# thickness planer $300-$600 budget



## Steve G. (Oct 4, 2007)

Hey guys, So far I have most of the tools I need for a shop except for a thickness planer. I will be planing almost ALL oak, some will be 12" wide most will be 4-6". I have read up on some different models and so far I have concluded that the Delta's are not the best, dewalt is good though It has it's set of problems, grizzly (GO505) has a cheap motor (but otherwise is a nice machine), ridgid is ok (i guess), makita is good (but pricey). Where am I wrong in my assement? Have any of you had these problems?

So what thickness planer do you have and what problems have you had so far, how were they solved and how much did you pay for it? And how much have you planed with it?

I was leaning towrds the Grizzly GO505, then I learned it was a 2 knife an one guy said it had a cheap motor. I like the the Dewalt (715) then I read that it has bumps on the wood and the knifes get dull every 30ft.
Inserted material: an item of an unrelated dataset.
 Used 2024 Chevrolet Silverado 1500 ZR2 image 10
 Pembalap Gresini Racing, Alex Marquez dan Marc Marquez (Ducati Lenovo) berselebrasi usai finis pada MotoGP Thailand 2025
Idk about the $400 dewalt and ridgid models????

What would you suggest for me to get?
http://www.amazon.com/Grizzly-G0505-12-1-2%2522-Planer/dp/B0000DD08N/ref=cm_cr_pr_product_top

Thanks, 

Steve


----------



## firehawkmph (Apr 26, 2008)

Steve,
There have been a few recent threads on this subject. But anyways, I have the dewalt 13.5" planer. I am not sure of what set of problems you are referring to, but I have had mine since they brought this model out a few years ago, and have gotten good service out of it. The blades are very easy to flip or change. Yes they are throwaways, but I buy them on sale for usually 20% off. I have a number of friends with the same machine and I don't hear any complaints from them either. I think it is a very good machine for the money. Try to catch it when woodcraft or one of the other stores like them run a special on them. My friend just picked his up around Christmas time for $535.00 with the mobile stand included. I have run a lot of rough sawn wood through mine. I don't think the blades are short lived. If you run a bunch of dirty wood, or something with a piece of metal in it, etc., you will ruin a set of blades, just like on any other machine. I would recommend it.
Mike Hawkins


----------



## Big Dave (Sep 16, 2006)

I have the Delta 13" planer. This model. I love it. Two speed so you can get it close to thickness quickly then take it down slow and get a good finsh. Easy to change blades. Works great with hardwood or softwood.


----------



## Steve G. (Oct 4, 2007)

firehawkmph said:


> Steve,
> There have been a few recent threads on this subject. But anyways, I have the dewalt 13.5" planer. I am not sure of what set of problems you are referring to, but I have had mine since they brought this model out a few years ago, and have gotten good service out of it. The blades are very easy to flip or change. Yes they are throwaways, but I buy them on sale for usually 20% off. I have a number of friends with the same machine and I don't hear any complaints from them either. I think it is a very good machine for the money. Try to catch it when woodcraft or one of the other stores like them run a special on them. My friend just picked his up around Christmas time for $535.00 with the mobile stand included. I have run a lot of rough sawn wood through mine. I don't think the blades are short lived. If you run a bunch of dirty wood, or something with a piece of metal in it, etc., you will ruin a set of blades, just like on any other machine. I would recommend it.
> Mike Hawkins


Are you talking about the 735?

Thanks for the quick responses.... the bad stuff I heard about all the planers was only coming for the bad reviews, idk if they're were true or not. maybe lemons?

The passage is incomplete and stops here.